Multi-Item Extraction

Yosoi handles pages where a selector matches many elements — product cards, article lists, search results — by detecting a repeating container and yielding one item per match.

Auto-discovery

The default: pass a Contract and let the AI find the container.

import yosoi as ys

class Product(ys.Contract):
    name: str = ys.Title()
    price: float = ys.Price()
    rating: str = ys.Rating()

pipeline = ys.Pipeline(ys.auto_config(), contract=Product)

async for item in pipeline.scrape('https://books.toscrape.com'):
    print(item.get('name'), item.get('price'))

scrape() is an async generator that yields one ContentMap per item found on the page.

Pinning the Container

If the AI guesses wrong, or you already know the wrapper element, set root on the contract:

class Product(ys.Contract):
    root = ys.css('article.product_pod')

    name: str = ys.Title()
    price: float = ys.Price(hint='Includes £ symbol')

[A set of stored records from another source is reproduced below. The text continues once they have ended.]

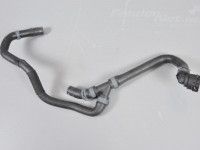 Volkswagen Golf Sportsvan Шланг системы охлаждения Запчасть код: 5Q0122073AN
Тип кузова: 5-ust luu...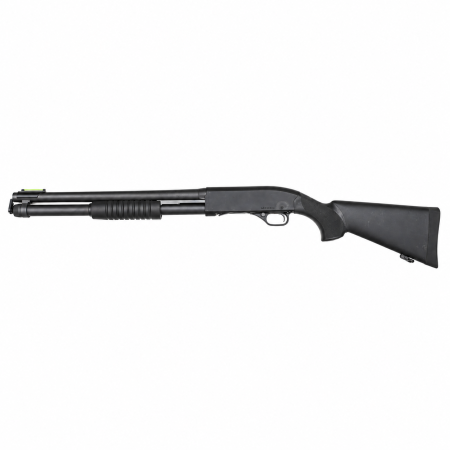 Комиссионое ружье Winchester 1300 12x76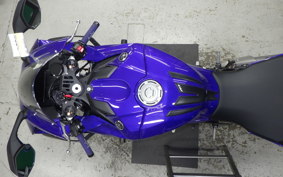 YAMAHA YZF-R1 2025 RN65J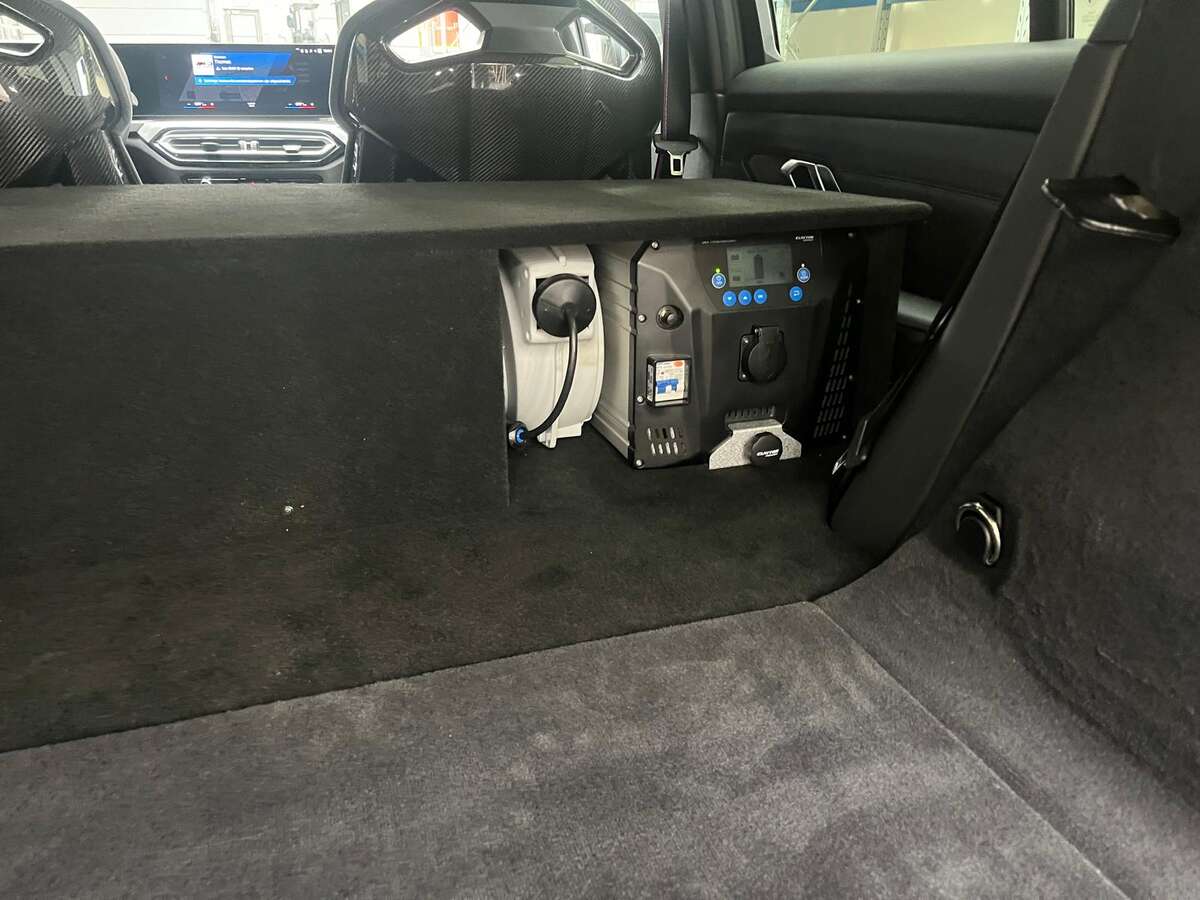 WhatsApp Image 2025-10-14 at 08.47.12.jpeg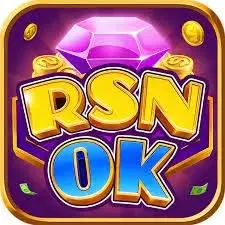 RSNOK - Pertahanan Menara yang Menggugah Adrenalin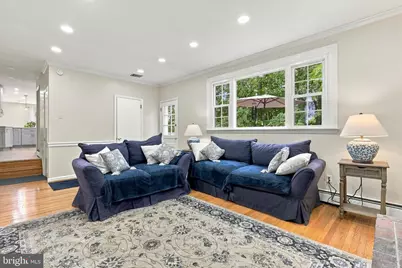 510 Lindsey Drive, Wayne, PA 19087 - Photo 20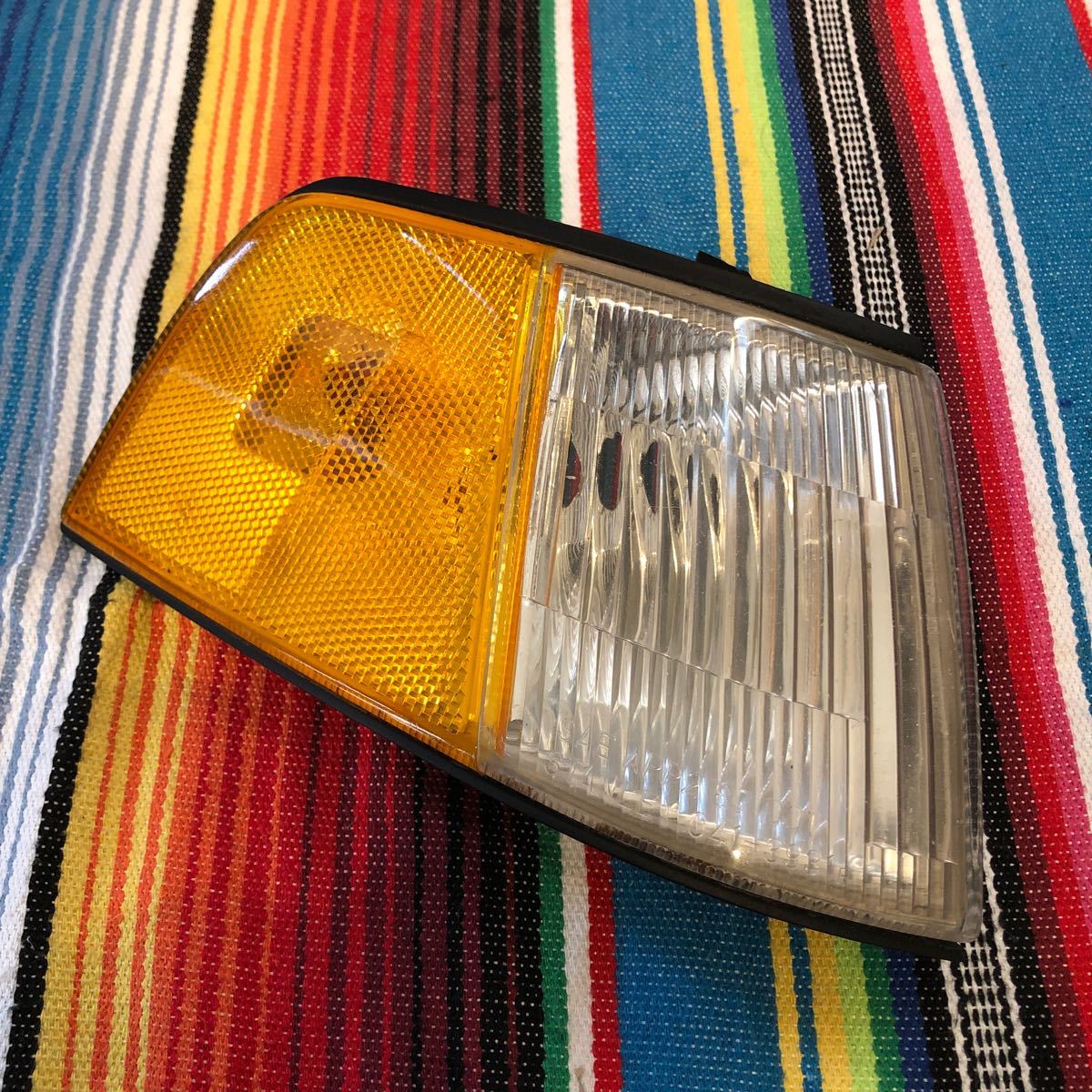 2026年最新】Yahoo!オークション -efシビック ウインカーの中古品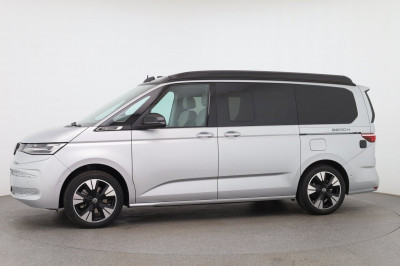 VW California Gebrauchtwagen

root takes precedence over whatever the AI discovers. Use this when you want deterministic behaviour across runs.

Single-Item Pages

scrape() works the same way on detail pages; it just yields one item. No special handling needed.

class BookDetail(ys.Contract):
    title: str = ys.Title()
    price: float = ys.Price(hint='Includes £ symbol')
    availability: str = ys.Field(description='Stock availability status')

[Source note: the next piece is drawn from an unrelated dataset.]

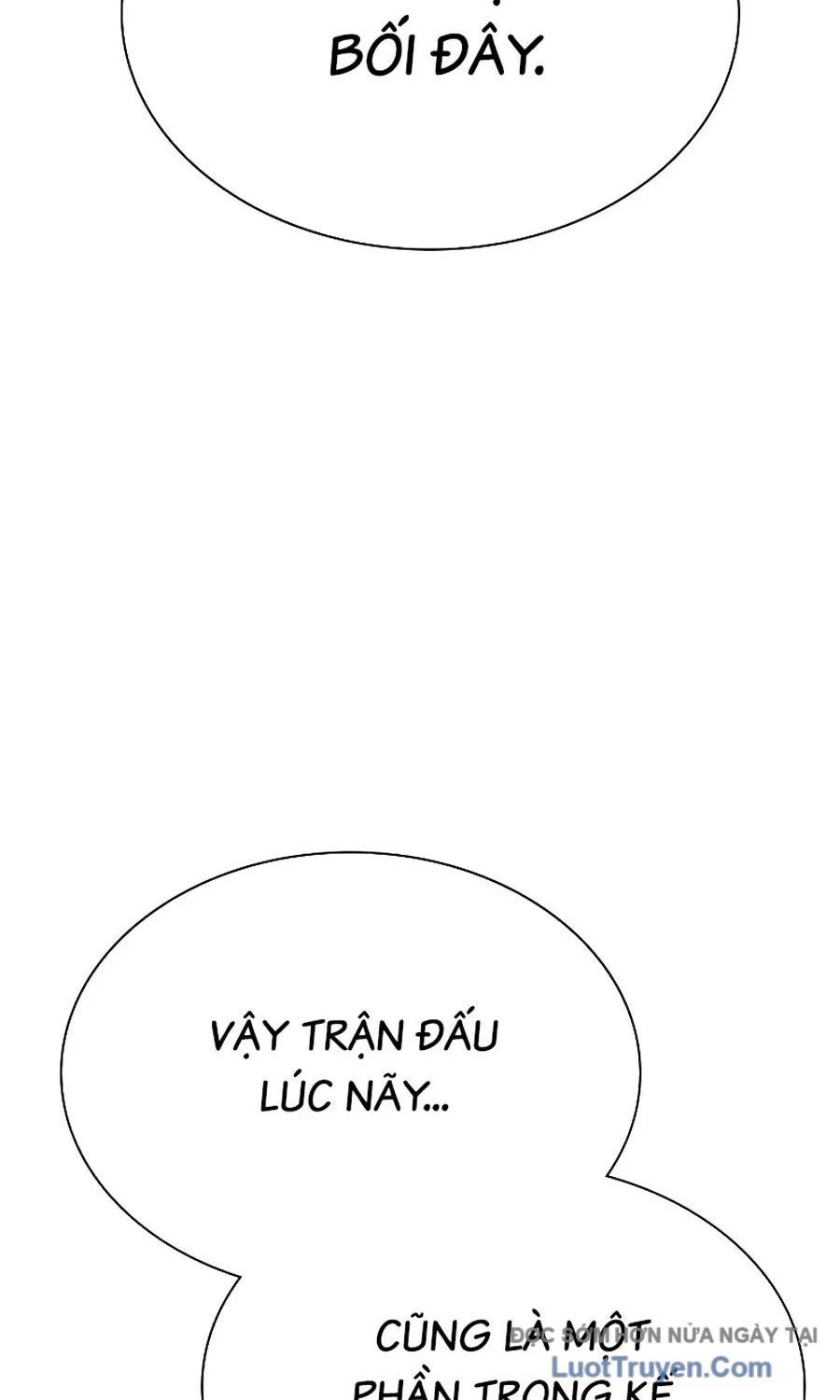 Nhân Trùng Đại Chiến Chapter 181 - Trang 2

async for item in pipeline.scrape('https://books.toscrape.com/catalogue/a-light-in-the-attic_1000/index.html'):
    print(item)  # yields exactly one item

Saving Output

Pass output_format='json' to persist results. Multi-item pages are saved as {"items": [...]}.

pipeline = ys.Pipeline(config, contract=Product, output_format='json')

FAQs

How does the AI determine the container selector?

It analyzes the page HTML for repeating structural patterns. If the same element type appears multiple times with consistent child structure, it is treated as the container. Providing a hint on your fields improves accuracy.

What if some items are missing fields?

Missing fields return None by default. Annotate the field as T | None in your contract to make this explicit and avoid validation errors.

Can I scrape both a listing page and its detail pages in one pass?

Not directly in a single scrape() call. The typical pattern is to extract URLs from the listing page, then call scrape() again for each detail URL.

What if the AI picks the wrong container and I get one giant item instead of many?

Pin the container with root = ys.css('your.selector') as shown above. Use --debug to inspect the extracted HTML and identify the correct selector.